听徐子墨这么一说,麻厉果然眉头大皱,深吸一口气道:“徐子墨公子,我和大哥对你只有景仰之情。双方绝无关点怨恨。相信你绝不会无故乱说。公子如果知道些什么。尽管告诉在下,如果哥哥确有冤情。麻厉自要为大哥复仇。”
徐子墨点点头道:“你要为大哥复仇,是条铁一样的汉子。我定会帮你。”
麻厉长叹一声道:“究竟是谁害死我大哥的呢,徐子墨公子你还没有明确地告诉我。”
“你猜一下。”麻厉道:“我猜不透,更没有证据,也不愿意再去费心猜疑。”
徐子墨道:“你大哥临死之前,是去追了谁的马车。”
“啊,你说楚儿夫人?莫非徐子墨公子所说的那个凶手,就是楚儿夫人?”
徐子墨点点头道:“你总算怀疑到该怀疑的人物身上了。
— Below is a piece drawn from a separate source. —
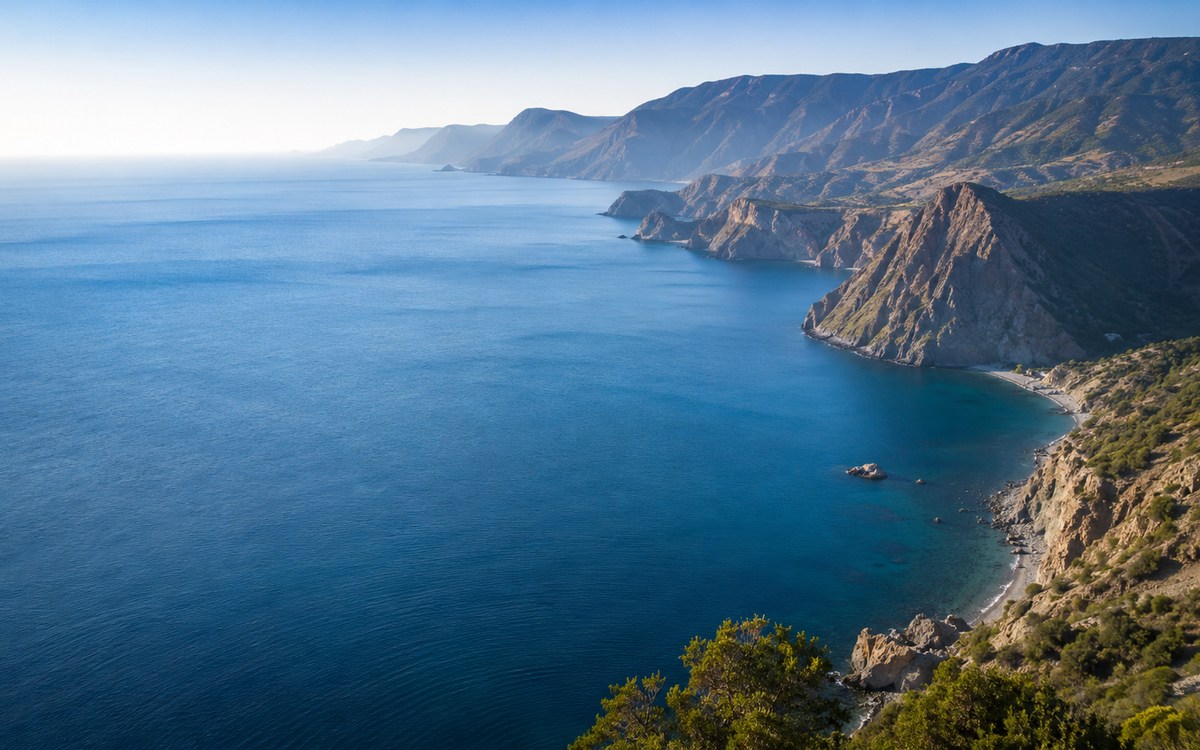 Глубокая синяя акватория Чёрного моря у гористого берега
嘿嘿,麻汉兄的仇有望了呢。”
麻厉怎么也不相信楚儿夫人是害死大哥的凶手,摇摇头道:“楚儿夫人纤纤佳人,是堡主的爱侣,手无缚鸡之力。怎么可能害得死我大哥。”
徐子墨哈哈大笑一声,“你说楚儿夫人手无缚鸡之力?麻厉兄,你看走眼了。就连你们的堡主也看走眼了。”
接下来徐子墨把如何亲眼见到马车即将摔下悬崖之时,楚儿夫人如何使用千斤坠的修真秘术定住马车,如何让马儿坠落悬崖,如何几个漂亮的动作翻滚到草地上,身上半点伤痕也没有等事宜如实告知了麻厉,麻厉脸上越来越不淡定,徐子墨加重语气道:“疯狂行使的马车,而且还是下坡路,你说她手无缚鸡之力,却并点伤也没有受,马车毁了,马儿坠落悬崖。你觉得这种事情正常么。”
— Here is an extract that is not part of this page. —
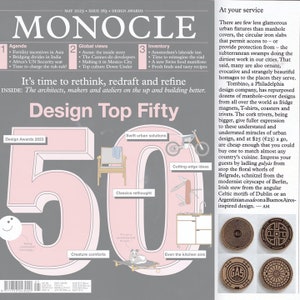 May include: A magazine cover featuring a pink and white illustration of the number 50, with the words "Design Top Fifty" above it. The cover also features illustrations of various design elements, including a chair, a motorcycle, a skateboard, a kitchen sink, and a dog. The cover also includes the text "It's time to rethink, redraft and refine" and "Design Awards 2023".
徐子墨的事实和提供的证据加上麻厉亲眼所见楚儿夫人并无受伤的任何痕迹,几种因素叠加在一起,让麻厉的脸色越来越难看。他终于开始意动,狠狠地道:“难道真是这个贱人害死了大哥?不,不可能,我不相信。她那么美丽善良,怎么会是个杀人不眨眼的准备女魔呢。”
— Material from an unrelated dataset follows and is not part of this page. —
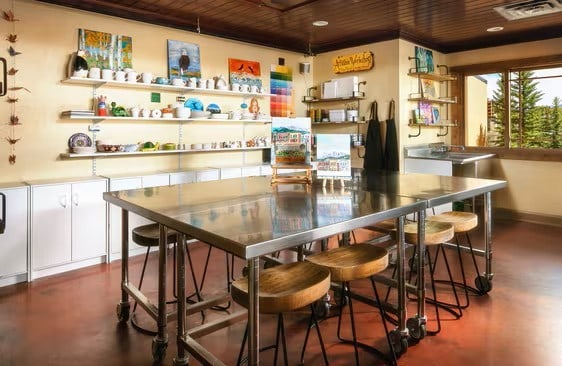 bar featuring wood ceiling, white cabinetry, and stainless steel counters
徐子墨点点头道:“冷血女魔?嗯,这几个字用来形容楚儿夫人,的确是再合适不过。麻厉兄,如果你相信在下,就立即返回到堡主身边。告诉堡主今天晚上必有人进攻君天堡。”
麻厉骇然地道:“当真?”
他心中已经隐隐有了印象,知道那可能会偷袭君天堡的人是谁,徐子墨向他点头道:“你知道这个人会是谁,对么。放心去告诉你家堡主吧,蔡嚣锋必趁你们君天堡内乱之时进攻,你们那楚儿夫人更会与蔡嚣锋里应外合,将君天堡摧毁。”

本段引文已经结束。